4. Take care of yourself. Self-care is important for everybody, but it’s critical for people with bipolar disorder. Self-care includes a good diet, sleep, exercise, regular routines, and leisure activities. Through good self-care, you recharge your batteries and are able to keep going in the face of difficulties. If you’re someone who tends to take care of others but not yourself, remember what flight attendants tell you: secure your own oxygen mask first, then assist others.

5. Get social support. The support of other people can provide a cushion when you fall – and make it easier to get back up and keep going. Seek out positive, supportive people and develop good relationships with them. Try to avoid spending time with negative people, or those with bad habits like alcohol or drug abuse. Also try to get some type of structured support, for example:

  • Get an individual therapist (I gave some ideas for low-cost counseling in my last post), and/or participate in a therapy group.
  • Join a support group (such as those through NAMI or DBSA), attend an appropriate 12-step program, or participate in an online support group or forum.
  • Improve your relationships with significant others through couples or family counseling, communication skills classes, or assertiveness training.

6. Tell a new story. Ultimately, you are free to view what happens in your life how you choose. You have the power to see the events and circumstances of your life through a different lens – and retell your story with a positive, empowering spin. You can decide to look at yourself as a strong survivor instead of a weak victim. To construct a story of resilience, you can start by asking yourself these questions:

  • As a result of adversities you’ve experienced, what strengths have you developed?
  • What do you understand better about yourself, other people, or the world?
  • What positive meaning is there in what’s happened in your life?

7. Give a gift to others. Helping others who have gone through similar things can help you move on. It gets you out of your own mind, empowers you, and creates meaning and purpose. There are lots of ways to help. You can tell your story of resilience to others and give them hope. You can write, educate, mentor, counsel, or perform. You can volunteer at an organization like IBPF, NAMI, or DBSA.

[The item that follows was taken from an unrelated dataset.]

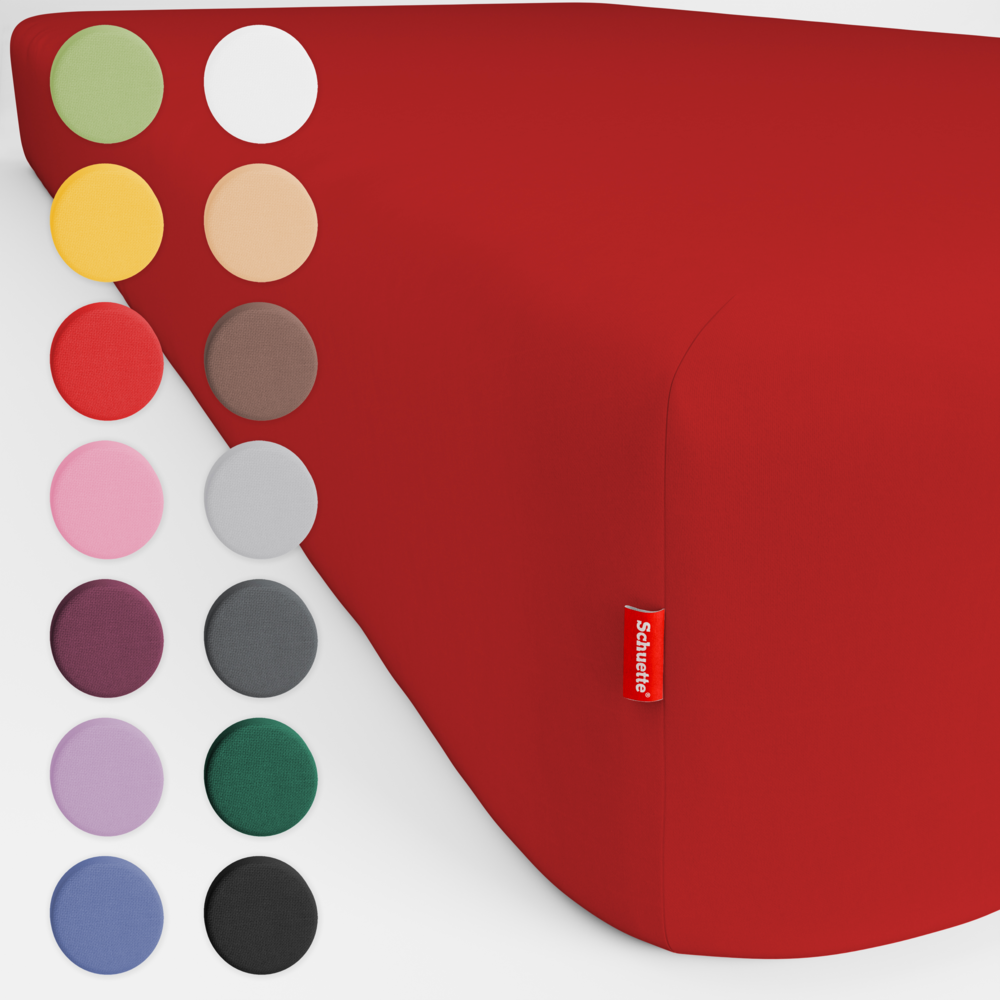Schuette® Topper Spannbettlaken • 100 x 200 • Wow! Kollektion: Red-volution (Weinrot) • 100% Superfluff Baumwolle, Blickdicht, Faltenfrei • mit Rundumgummi • Matratzenhöhe bis 10 cm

8. Be spiritual. Spirituality is good for physical and mental health. It can be a source of hope, optimism, and strength. If you’re firm in your spiritual beliefs and worldview, you can more easily rebound from stress. Spirituality helps you focus on something greater than yourself – and not as much on your own concerns. Spirituality means different things to different people, but it has to do with how you find meaning, purpose, and depth in life. It may involve prayer, meditation, service, ritual, music, nature, or other things.

I hope these tips help you become more resilient in your battle with bipolar disorder and other adversities. Building resilience takes ongoing practice. Make small changes, little by little – the most important thing is to hang in there and never give up.